Equipment for this recipe
Top-rated tools to make this recipe successfully.
Frequently asked questions
How long does Vintage Vinegar Salad take to make?
Total time is about 15 minutes (15 min prep + 0 min cook). Most home cooks find this fits comfortably into a weeknight; double the batch on Sunday for two dinners.
How do I store leftover Vintage Vinegar Salad?
Cool to room temperature within 2 hours, then store in an airtight container in the fridge for up to 4 days. Reheat covered in a 350°F oven for 10-12 minutes, or microwave at 70% power in 60-second bursts to keep mixed salad greens from drying out.
Can I substitute ingredients in Vintage Vinegar Salad?
Yes — most ingredients in this recipe have flexible swaps. For oil, use any neutral high-smoke-point oil (avocado, grapeseed, refined coconut). For aromatics, dried herbs at ⅓ the volume of fresh work in a pinch. The full ingredient list is shoppable on Instacart so you can see substitutes in real time.
How do I scale Vintage Vinegar Salad for a different number of people?
The recipe is written for 4 servings. Multiply each ingredient by (your serving target / 4). Cook time stays roughly the same up to 2x; for 3-4x batches, switch from a skillet to a sheet pan or stockpot so the food isn't crowded — overcrowding steams instead of browns.
What goes well with Vintage Vinegar Salad?

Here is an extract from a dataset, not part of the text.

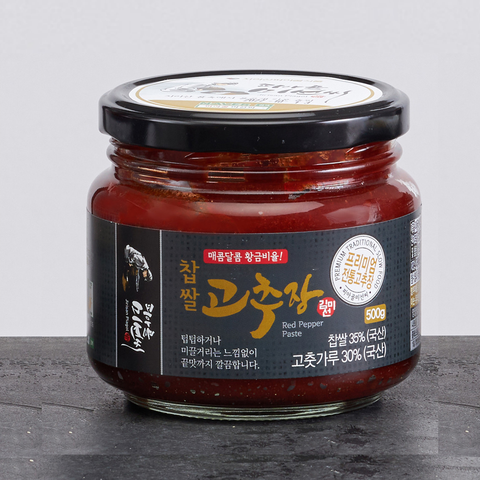 [Restocked] Piagol Miseon's Premium Sweet Rice Gochujang, 500g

Mediterranean salads like this pair well with a simple grain (rice, couscous, or crusty bread), a quick salad with acid (lemon vinaigrette, pickled onions), and a pan sauce or yogurt-based dip. Tap "Plan a meal with the AI" to get specific side suggestions.
What others are saying
- ★★★★★
Substituted chicken for tofu and it worked beautifully.
- ★★★★☆
Almost perfect — just needed a squeeze of lemon at the end.